SOURCE MATERIAL –
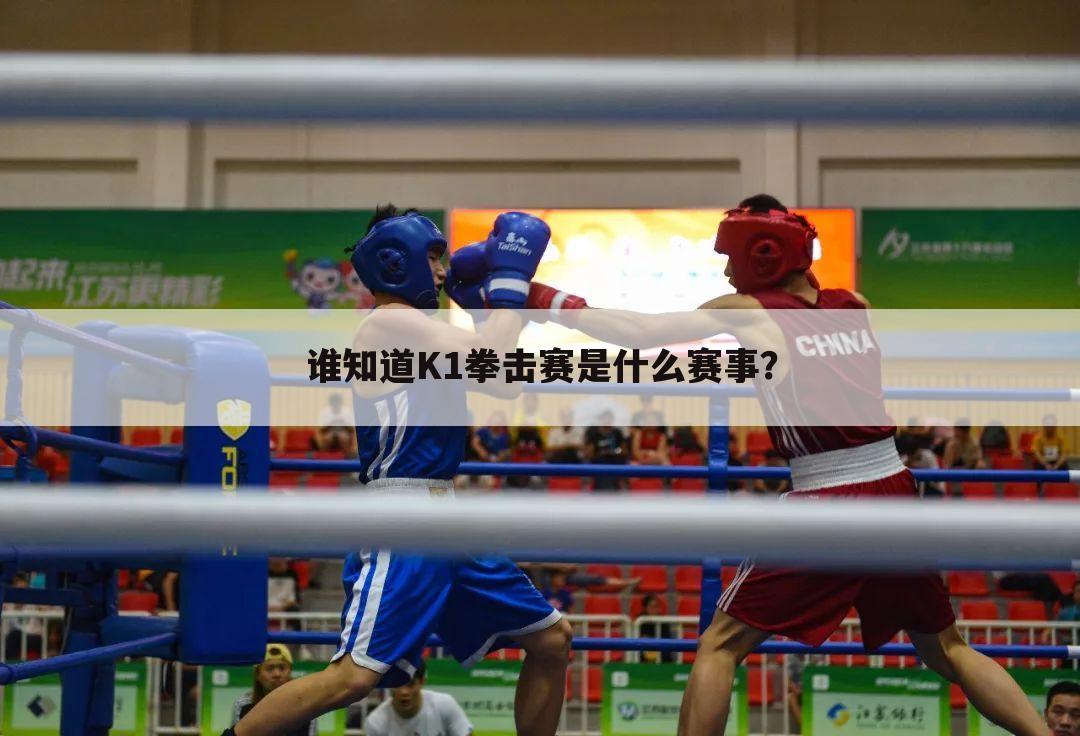 谁知道K1拳击赛是什么赛事?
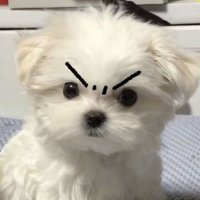 몽 (@idmongnya) 's Twitter Profile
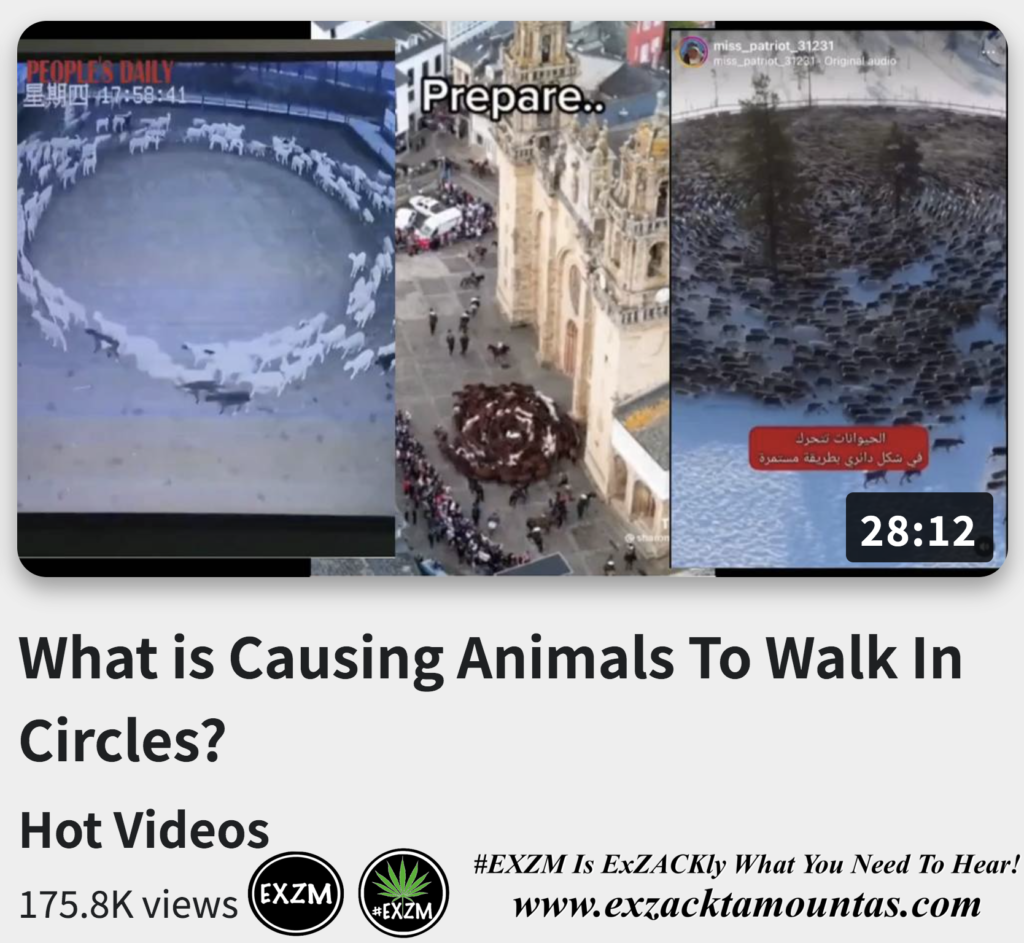 What is Causing Animals To Walk In Circles Alex Jones Infowars The Great Reset EXZM exZACKtaMOUNTas Zack Mount November 29th 2022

WHAT YOU SHOULD DO – Transcribe the listing above in full. Pictures are not part of the copy.

REPLY TO THE EXERCISE –
 谁知道K1拳击赛是什么赛事?
 몽 (@idmongnya) 's Twitter Profile
 What is Causing Animals To Walk In Circles Alex Jones Infowars The Great Reset EXZM exZACKtaMOUNTas Zack Mount November 29th 2022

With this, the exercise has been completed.